Côté perso, ce n’est pas aussi évident que cela. J’ai quand même l’impression d’être un « traître à la cause ». Quand je prends le café le matin avec les amis après avoir déposé les filles à l’école, je traîne moins (pas trop le temps quand même) et les débats sur les congés maladies à répétition de la maîtresse me passionnent moins. Après avoir été très présent, me voici très absent. J’ai presque l’impression d’avoir à me justifier d’avoir pris cette mission. Heureusement que j’ai le soutien de Madame qui me prouve au passage qu’elle est bien une femme extraordinaire. On s’était installé dans une petite routine où j’avais arrêté de bosser pour lui permettre se consacrer totalement à son boulot. Ma reprise, c’est sûr, c’est moins de « confort » pour elle et que je sens bien que parfois, mon inactivité l’arrangerait. Faut dire qu’elle n’en peut plus de son congé maternité. On attaque le 6ème mois et je la sens un peu fébrile. Heureusement qu’elle reprend à la fin du mois, ça commence à ne plus être vivable :-). Ça ne fera que bouleverser notre organisation actuelle. Ce n’est pas comme si nous avions l’habitude. Nous ferons comme nous faisons d’habitude, nous nous mettrons autour de la table et nous discuterons du « qui fait quoi ». Ca va être un peu tendu, mais je ne doute pas que nous y arrivions.
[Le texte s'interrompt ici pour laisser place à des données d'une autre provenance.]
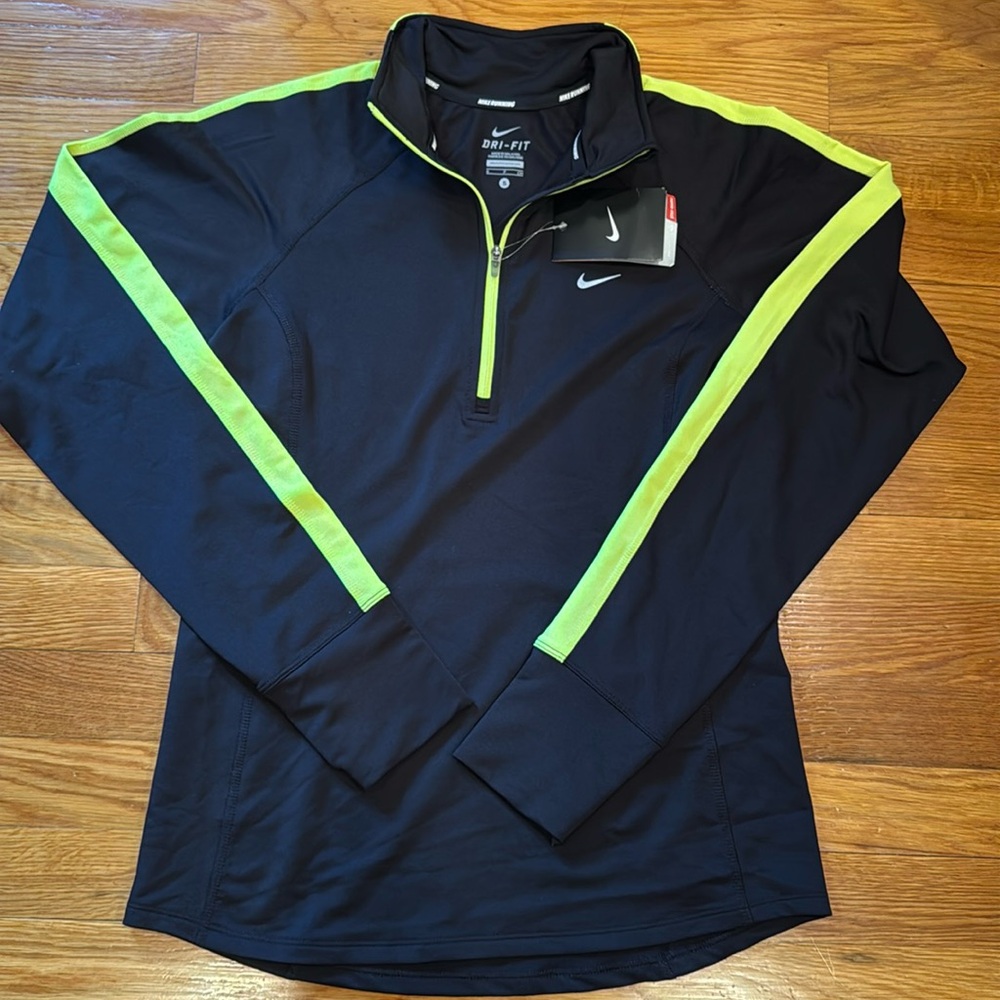Nike Women Running Jacket Sz Small BNWT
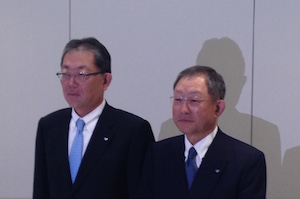 栗和田会長兼社長（左）と町田次期社長
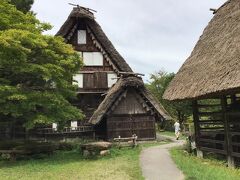 右に「ハサ小屋」と左に「旧西岡家」。あちこちから江戸中期～後期の古民家を移築したと説明があった。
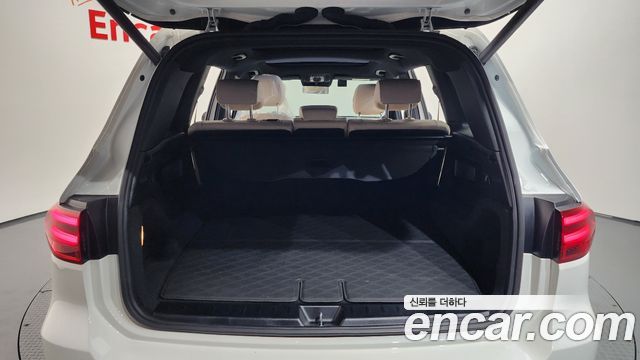 Mercedes-Benz GLB-Class 2024 — photo 31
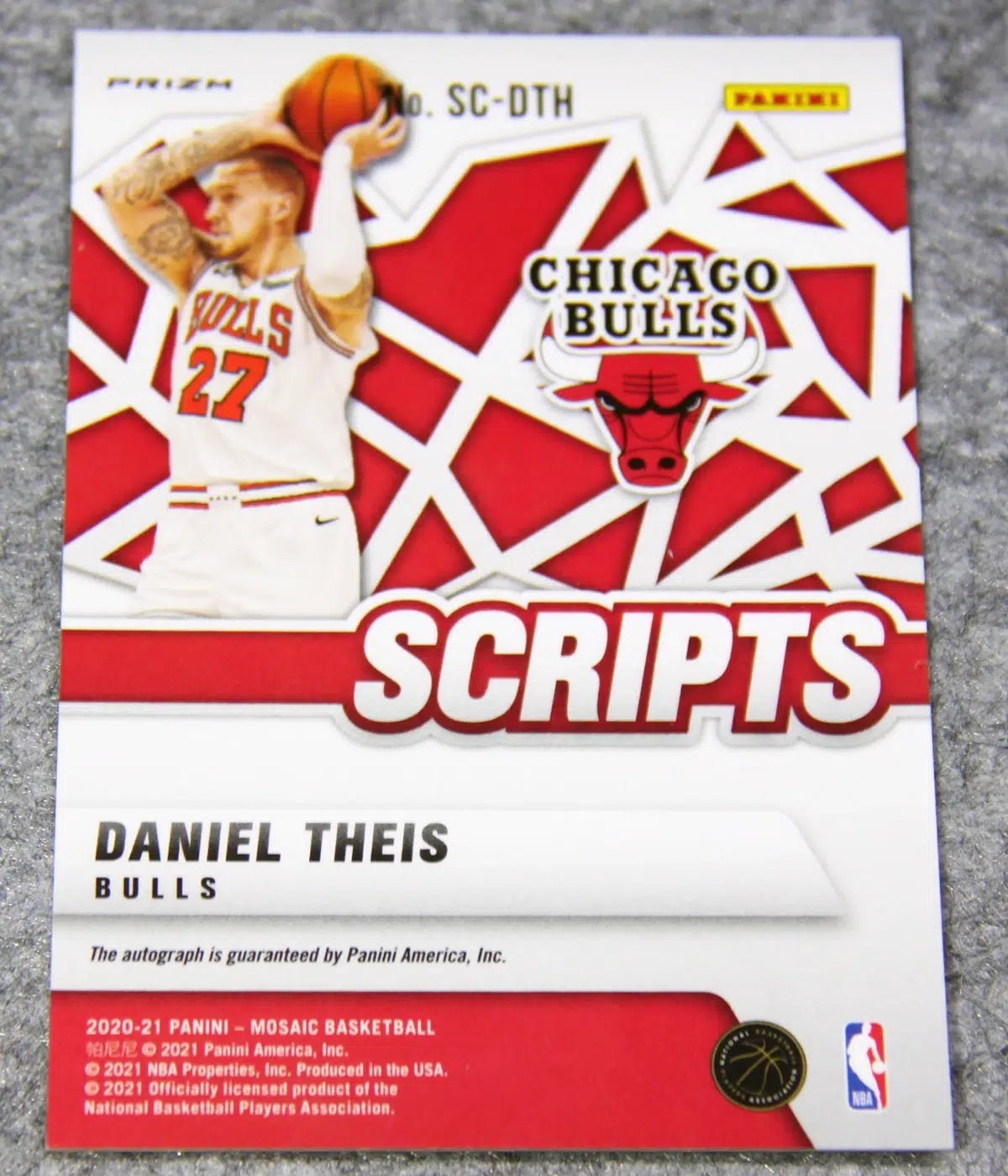2020 21 Daniel Theis #SC DTH Panini Mosaic Scripts - back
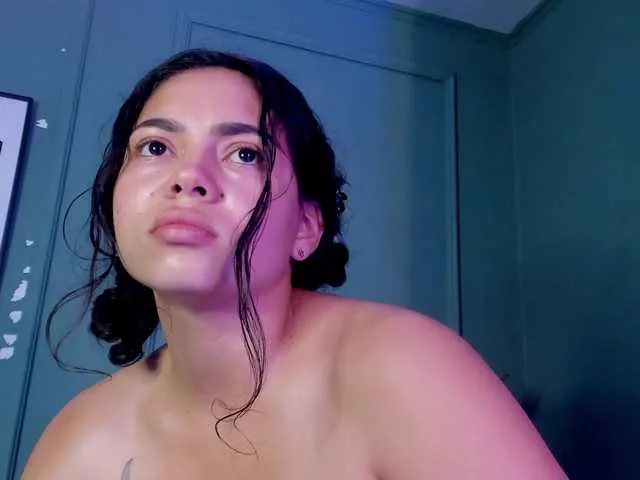 Live sex webcam photo for Margot- #290802773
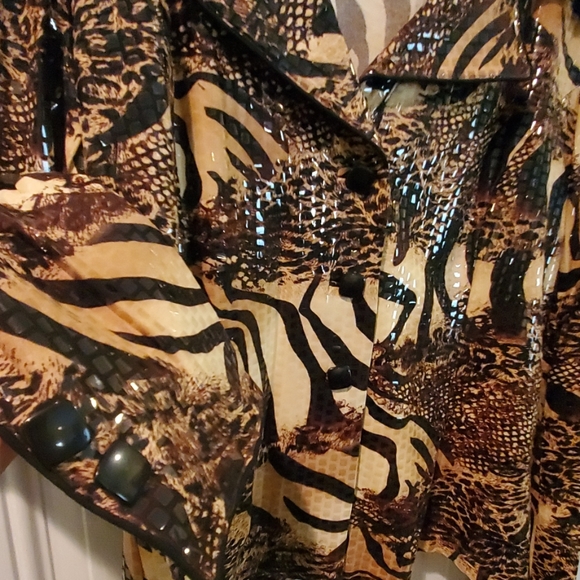 Clothes - Picture 3 of 3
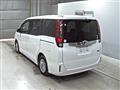 2016 Toyota Noah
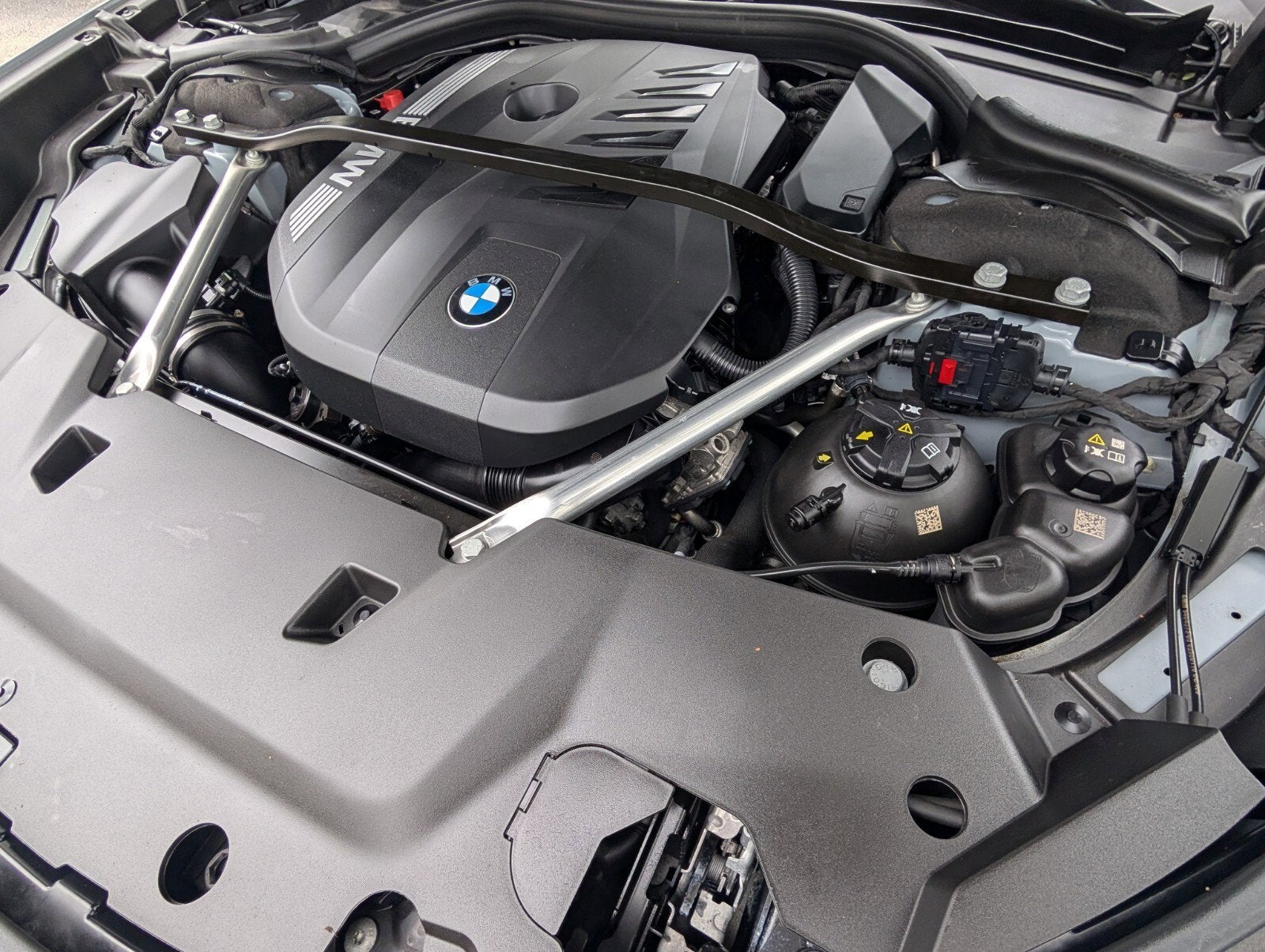 2023 BMW 7 Series 740i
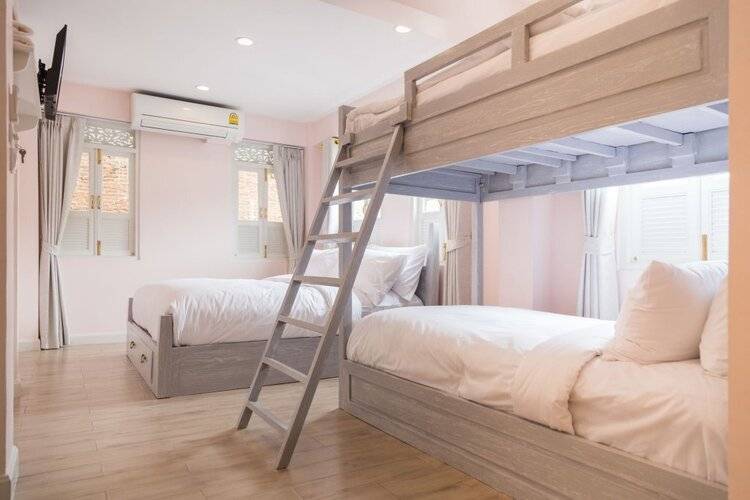 Noursabah Bed Bangkok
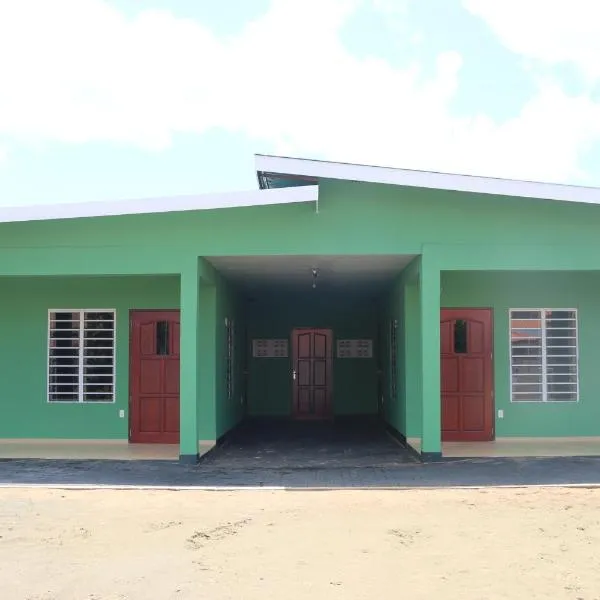 Schitterend gelegen tweekamerwoning, hotel in Paramaribo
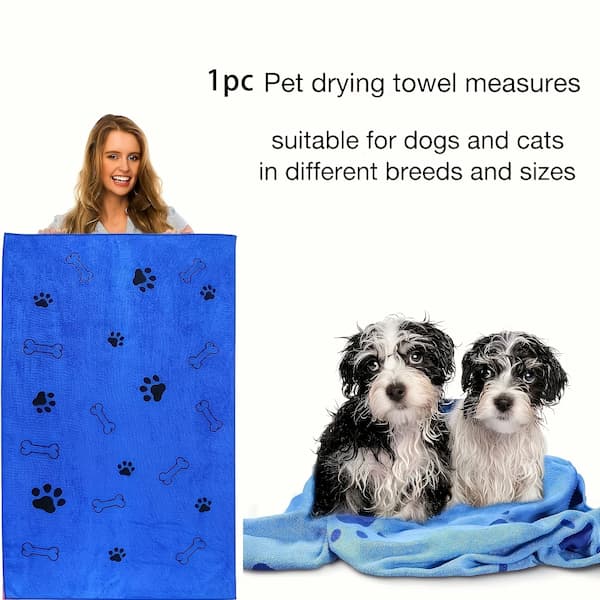 Pet drying towel with paw and bone patterns, suitable for dogs and cats of different breeds and sizes.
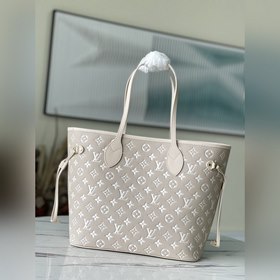 LV Средняя сумка Модель： M46102 Сумка-тоут Эта сумка среднего р
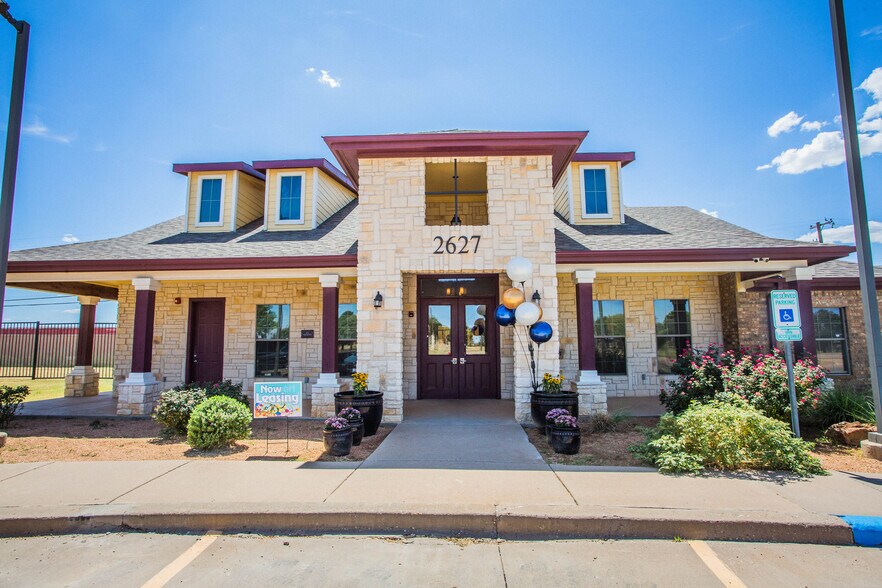 More Photos Of 2627 Oak Dr, Lubbock Apartments For Sale
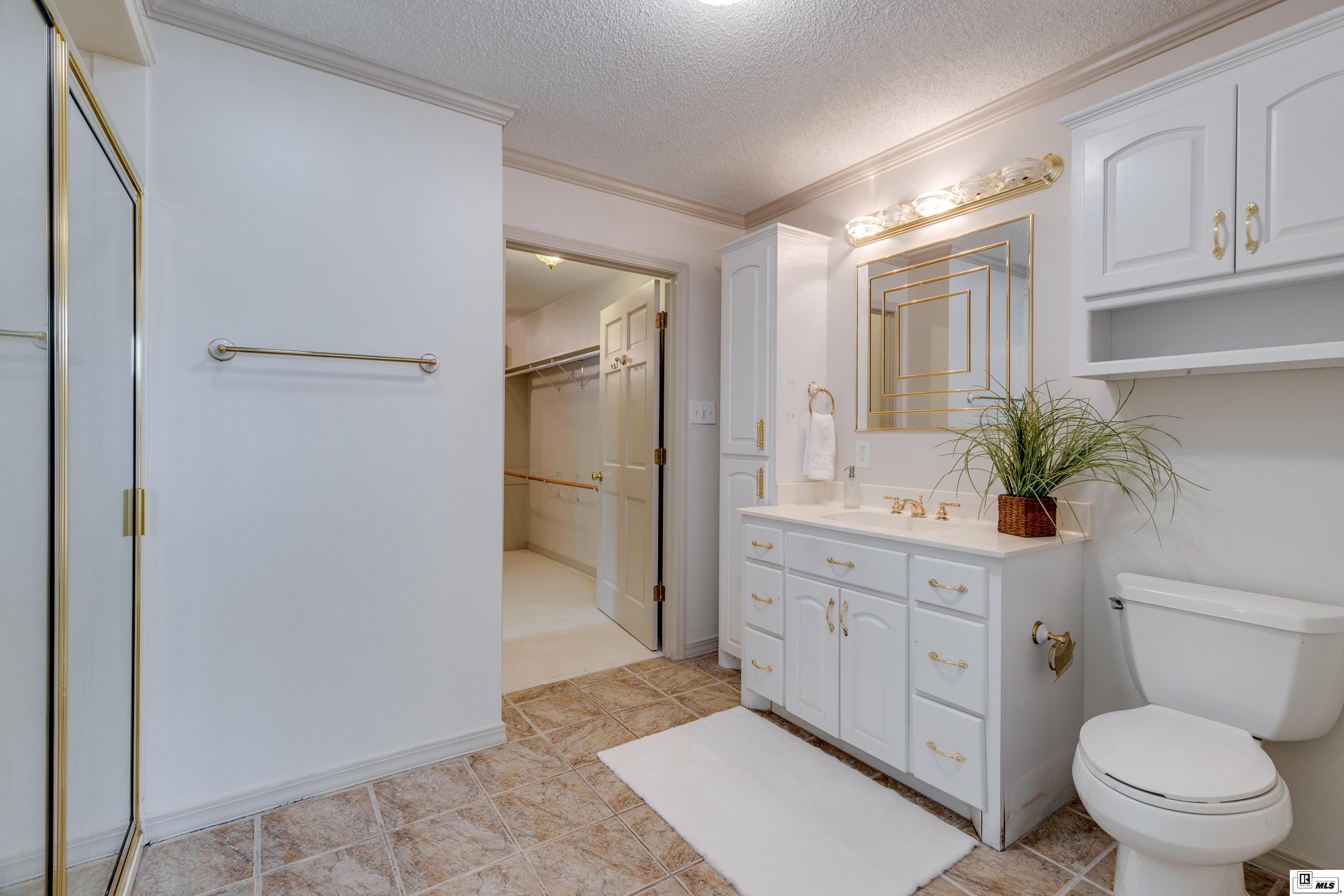 2809 River Oaks Drive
Petit à petit, le Père au Foyer se transforme en Working Dad. Working ok, mais Dad avant tout (faut pas déconner non plus)
Où comment faire cohabiter 2 mondes parallèles… chez moi ça donne :
– Au boulot : « vendredi on démarre à 8h! » sans préavis. Ah euh je viens avec ma môme alors?
– A la crèche : « on organise une petite réunion avec les parents à 17h jeudi, vous serez là n’est-ce-pas? »
Je trouve ça bien que vous vous relanciez durant quelques mois dans le monde du travail. Même si vous aimez vos filles, et que vous vous reprochez de ne plus passer autant de temps avec elles, n’oubliez pas que ce n’est pas définitif. Et elles seront encore plus contentes de vous avoir à leur côté lorsque votre cdd sera terminé. Et bravo à madame et vous de savoir gérer les choses de manières posées.